What is expected:
Give the records again in full, exactly as they appear, but without the pictures.

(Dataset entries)
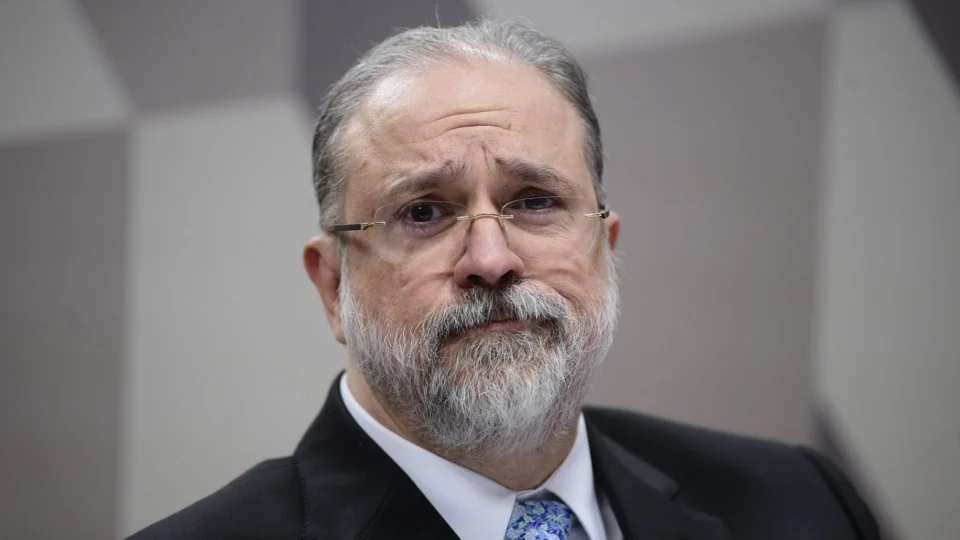 Procurador-geral da República testa positivo para Covid-19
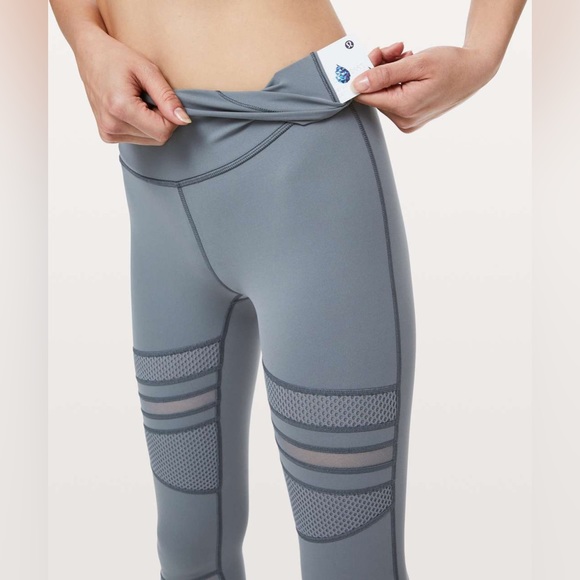 Lululemon Wunder Under High-Rise Mix & Mesh 28” - Size 4 - Picture 5 of 5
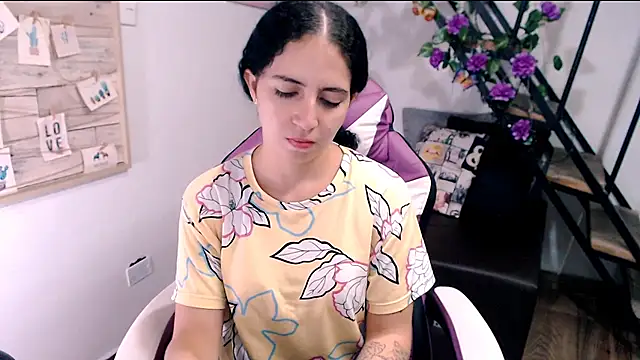 samantha baby  online show from 04.18.26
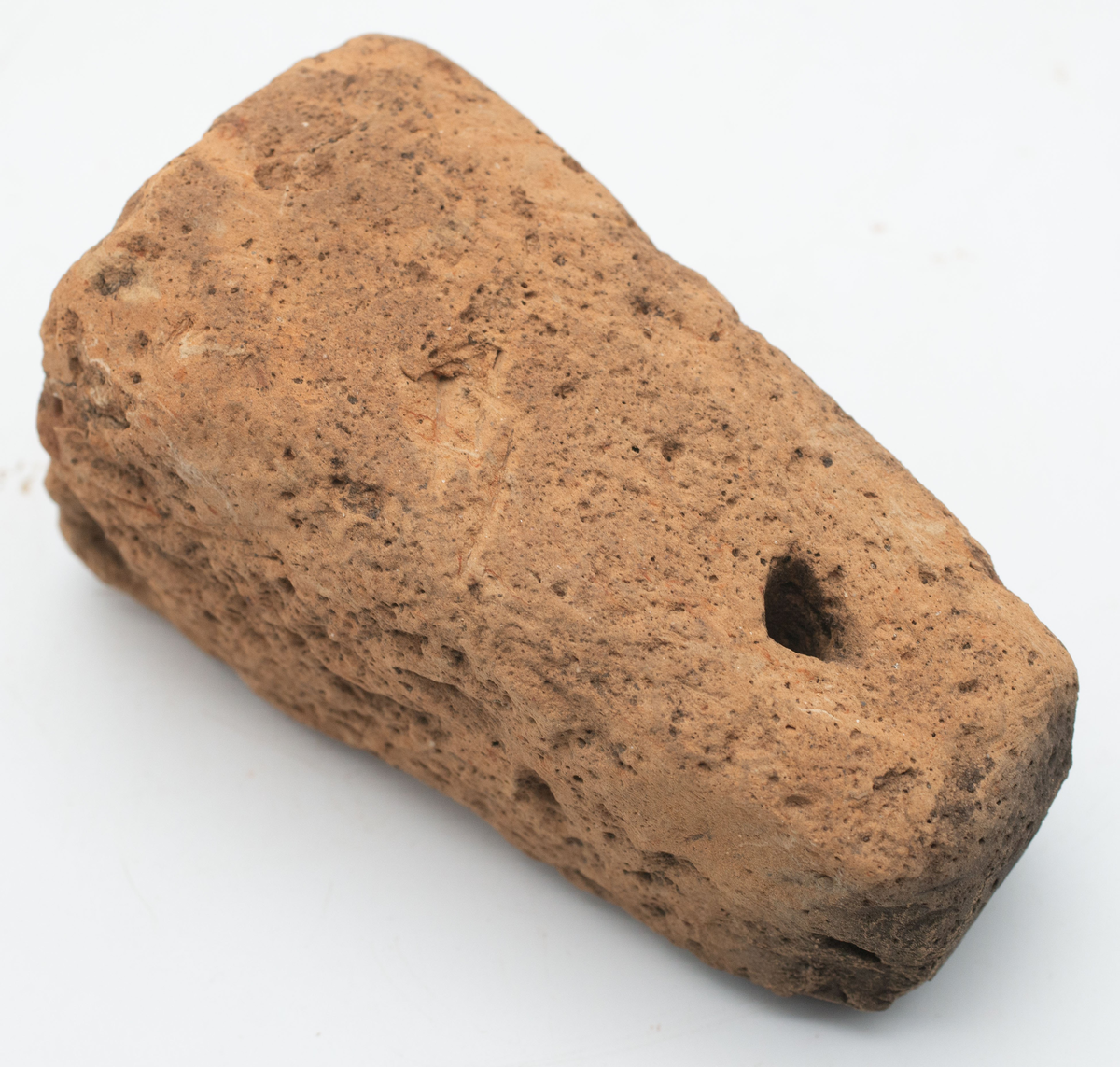 Urnegrav, 0,4 m i diameter. Framträdde under matjordslagret. Fynd av keramik och brända ben vilka sparades.
Boplatslämningar, sprodda, med fynd av keramik, flinta, slagg, vävtyngder mm
Totalt rör det sig om 56 fyndposter varav 2 utgår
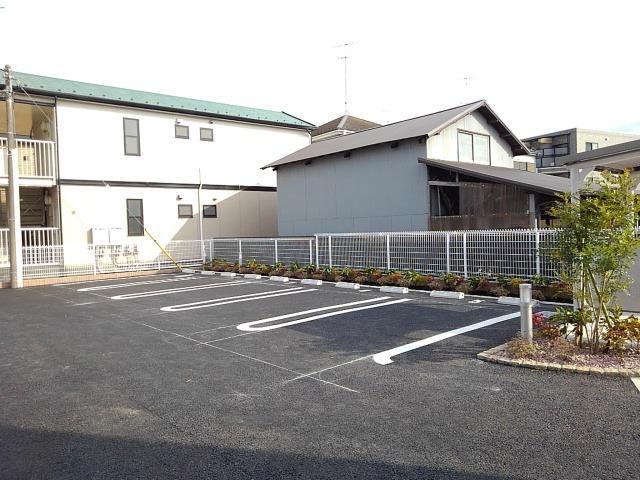 サン　ミルト 駐車場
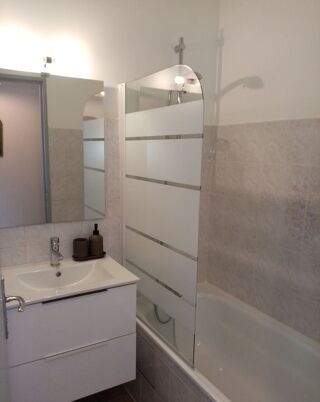  Appartement à louer 1 pièce 28 m²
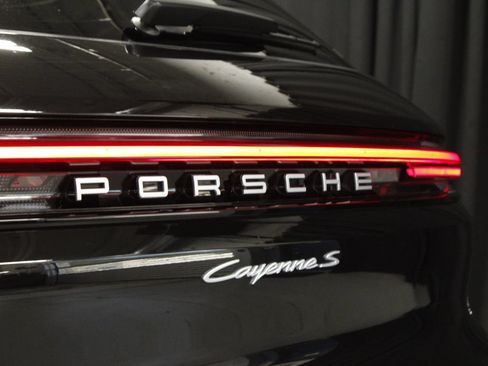 Certified 2024 Porsche Cayenne S AWD/4WD image 21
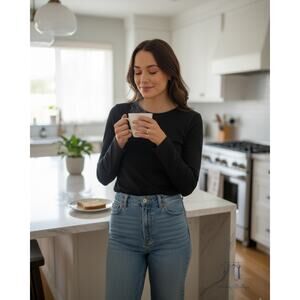 Banana Republic Women’s‎ Classic Crew Neck T-Shirt - Black (Size S) (X0476)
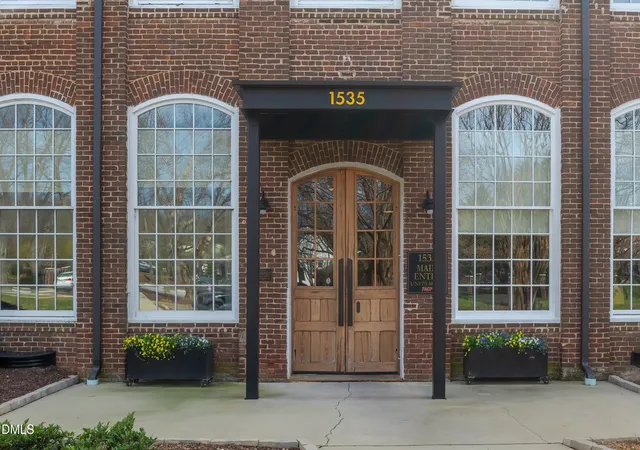 4th image of 1535 Caraleigh Mills Ct, Raleigh, NC 27603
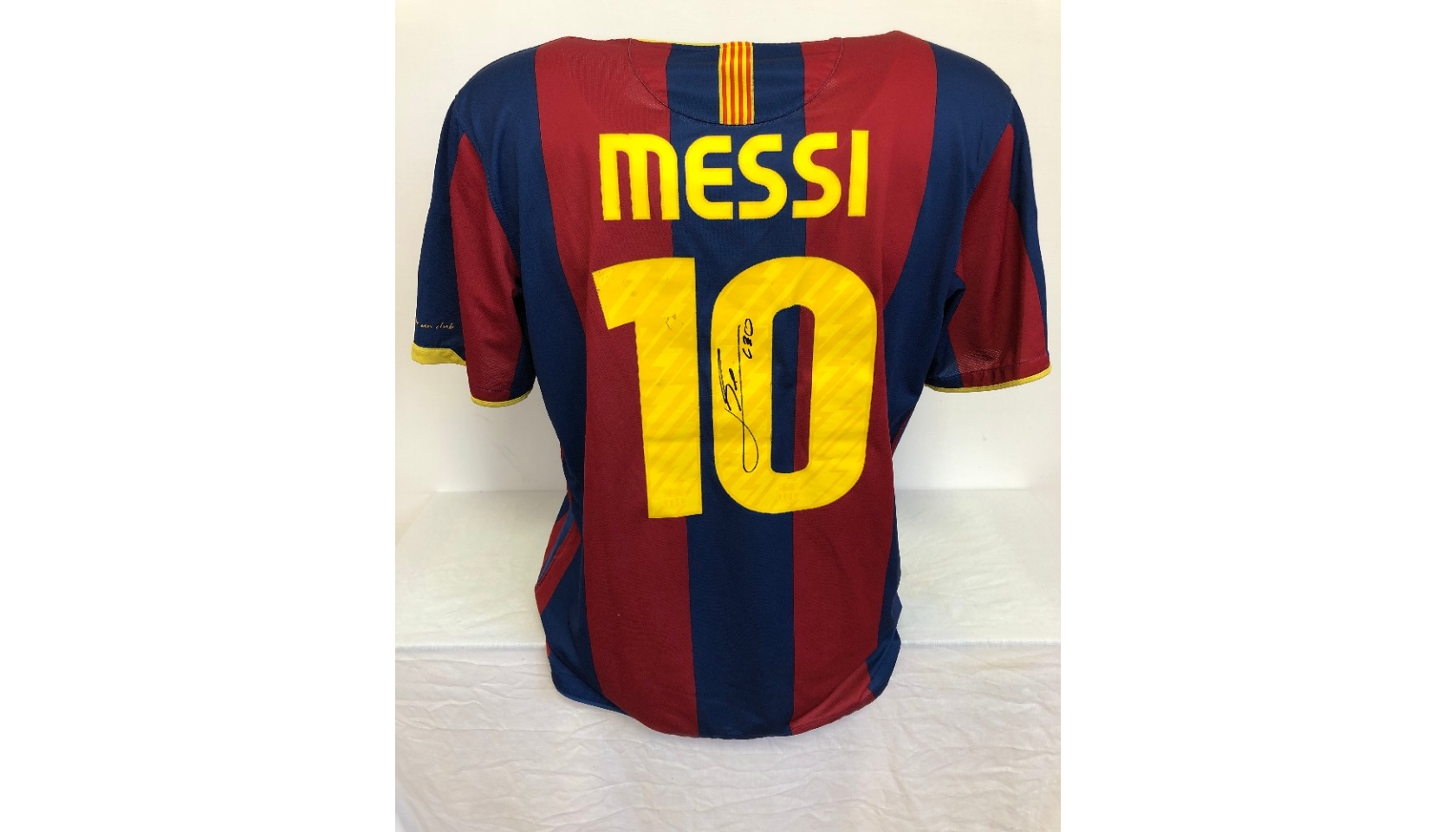 Lionel Messi signed 2010/11 Barcelona shirt — JustCollecting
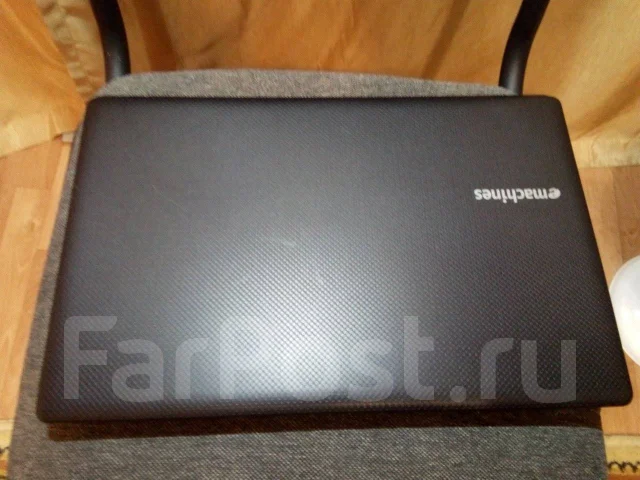 eMachines E732G. 15.6", ��� 4 ��, WiFi: 1 ����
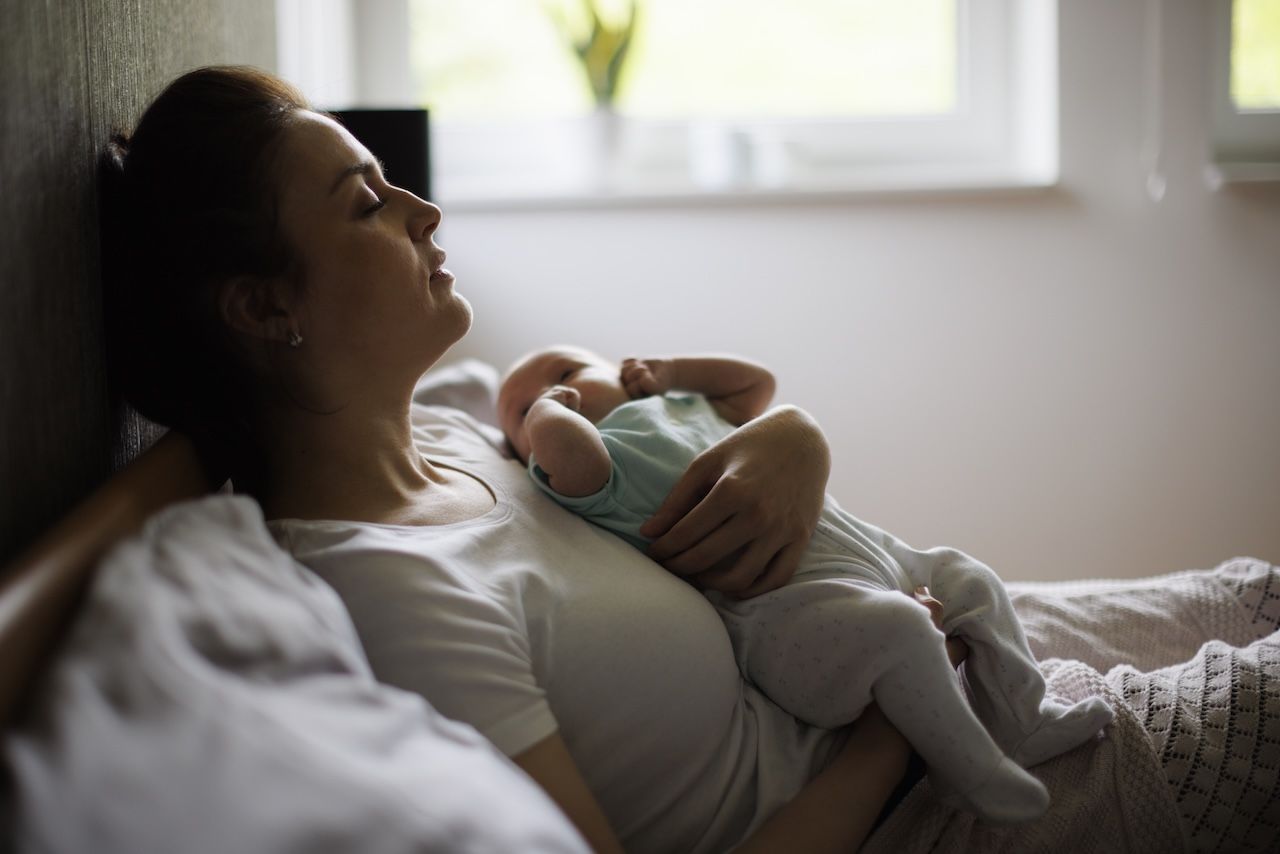 per chi vive gi224 in debito cronico di riposo tra bambini piccoli e sbalzi ormonali si trasforma in un nuovo fattore di stress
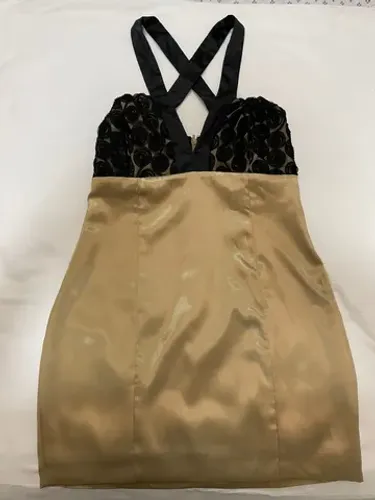 Vestido Dourado My Place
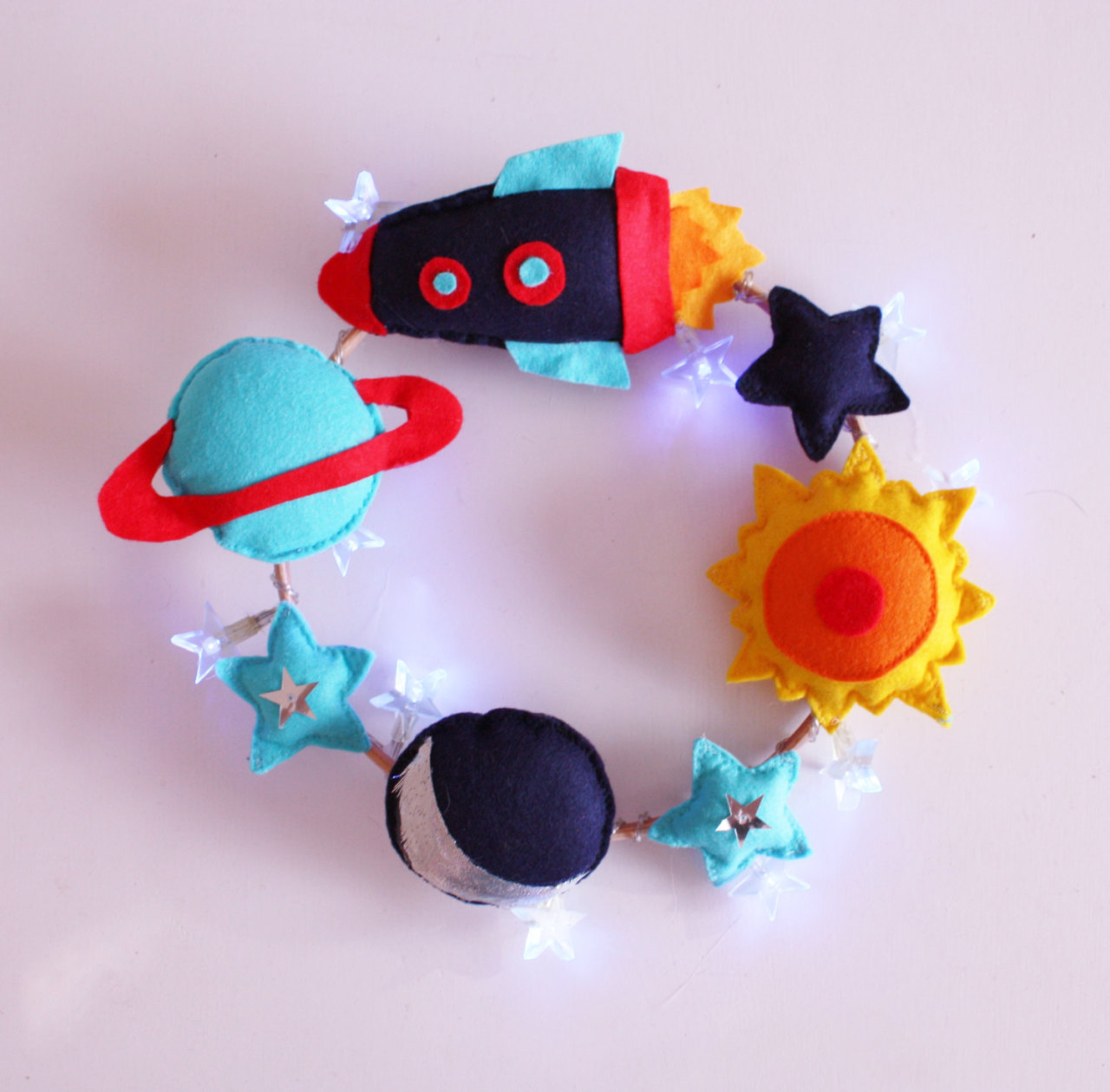 sosuperawesome:  Felt string lights by ButtonOwlBoutique on Etsy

Solution to this problem:
 Procurador-geral da República testa positivo para Covid-19
 Lululemon Wunder Under High-Rise Mix & Mesh 28” - Size 4 - Picture 5 of 5
 samantha baby  online show from 04.18.26
 Urnegrav, 0,4 m i diameter. Framträdde under matjordslagret. Fynd av keramik och brända ben vilka sparades.
Boplatslämningar, sprodda, med fynd av keramik, flinta, slagg, vävtyngder mm
Totalt rör det sig om 56 fyndposter varav 2 utgår
 サン　ミルト 駐車場
  Appartement à louer 1 pièce 28 m²
 Certified 2024 Porsche Cayenne S AWD/4WD image 21
 Banana Republic Women’s‎ Classic Crew Neck T-Shirt - Black (Size S) (X0476)
 4th image of 1535 Caraleigh Mills Ct, Raleigh, NC 27603
 Lionel Messi signed 2010/11 Barcelona shirt — JustCollecting
 eMachines E732G. 15.6", ��� 4 ��, WiFi: 1 ����
 per chi vive gi224 in debito cronico di riposo tra bambini piccoli e sbalzi ormonali si trasforma in un nuovo fattore di stress
 Vestido Dourado My Place
 sosuperawesome:  Felt string lights by ButtonOwlBoutique on Etsy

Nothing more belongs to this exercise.